The last from the aged hippies who think they are really with it. It makes your scalp crawl. Yet these are just the lead-ins, the openers. After five minutes, unless enforced, the conversation vanishes in quiet “Yes, Sir,” mechanically repeated, like the young Stan Getz saying, “Yeh! Man!”

Recently I gave a reading and talk in a local high school. The people and I got along fine. One fellow who looked like the young Aquinas, cherubic and innocently worldly wise, wanted to know if W.H. Auden was ever married to or had a love affair with Thomas Mann’s daughter Erika, and if so, why the fact had evaporated from all his biographies. I’m pretty sure he knew the answer, but I explained that it was largely a marriage of convenience between two good friends. It enabled her to get British or American — or possibly both — citizenship in the days of exile, disorder, and early sorrow before the Second War. We briefly discussed the ethics of marriage of convenience, about which the audience had information and opinions.

Then a modest, quietly dressed girl asked if I didn’t think American poetry would be improved by the presence of someone like post-War One revolutionary Dadaist poet and painter, the inventor of rubbish art, Kurt Schwitters. I agreed, flatly. “Why don’t they exist?” she asked. I explained that Americans were fat and sassy and had never experienced the utter heartbreak that went with the betrayal and collapse of civilization in 1914-1918.
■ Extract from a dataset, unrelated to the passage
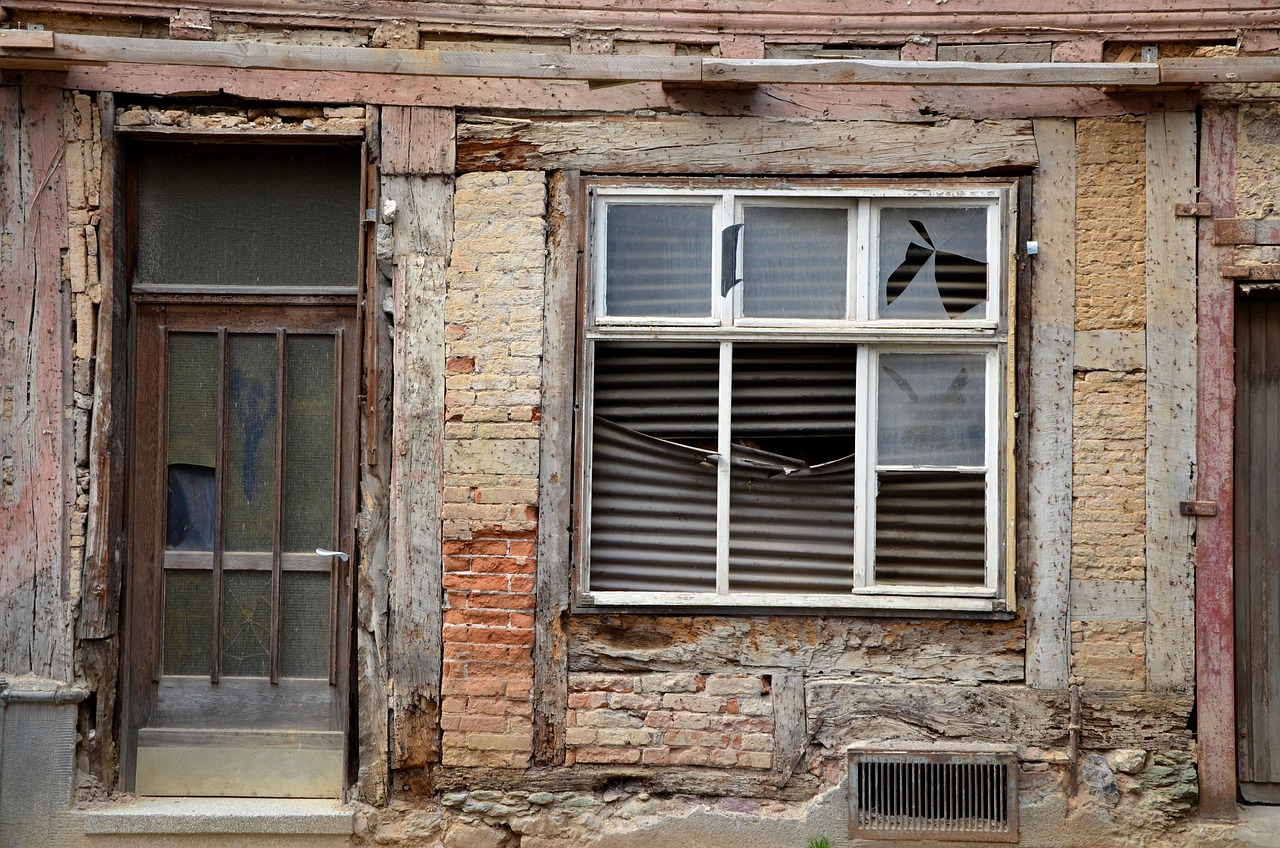 Distressed property exterior with broken window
“Ah, but we’re in a worse state now than they were then — why doesn’t our crisis result in great literature?” “Because dissent has become a hot commodity — just another aspect of the affluent society.” So it went.
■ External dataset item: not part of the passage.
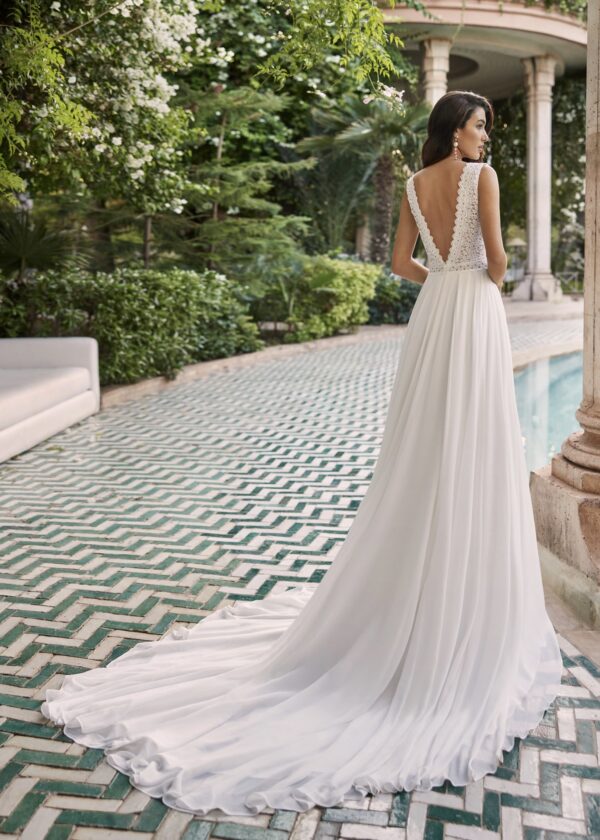 Mariée vue de dos portant une robe de mariée fluide avec un dos en V orné de dentelle, se tenant près d'une piscine dans un jardin luxuriant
My only problem was to keep my questioners from jockeying me into a position of leader in their struggles with teachers and the educational establishment generally. I certainly believe that the essence of education is struggle with the educators — the most important of whom are the students themselves. I believe students should subject all establishments to the most searching criticism.

But I had no desire to add to the manifest discomfort of the faculty chaperon, a most well intentioned young man. As far as Old Rexroth was concerned, he was himself a representative of youth. This of course his students would find out in five to seven years when some of them would be teaching high school themselves and worrying themselves sleepless about students who belong to the League for Sexual Freedom, read the IWW paper, make junk sculpture and are rumored to smoke pod.

Howsomever, two good friends, who surely think of themselves as “rebels who know how to use the Establishment without it using them,” met me there. They sat through the session, delighted with the euphoric rapport. One was a most likable man, the head of a large, national, or really international, creative and thoroughly up-to-date educational enterprise that spends millions really civilizing America, at least a little.

As we came away in the car he said to my daughter, “What grade are you in in school?” Then, “My, you are certainly mature for your age!” Then, “Aren’t you proud of your father for writing all those beautiful poems?”

Then, after a noncommittal answer, “Do you write poetry yourself?” She said, “Sometimes, when I don’t have time to do a regular paper, but my English teacher doesn’t think it’s poetry.” An answer in the great tradition of Shorty Pederstein. Then, “Are you going to be a poet when you grow up?”

As I watched the misnamed Electra complex rear and then stand on its tousled head, it was all I could do to restrain myself from violently commencing a conversation about the weather. Yet this was an enlightened man and one of the great, and in fact largely realized, hopes of a new pedagogy.

Oh well, Mary liked him very much anyway, so nothing was lost.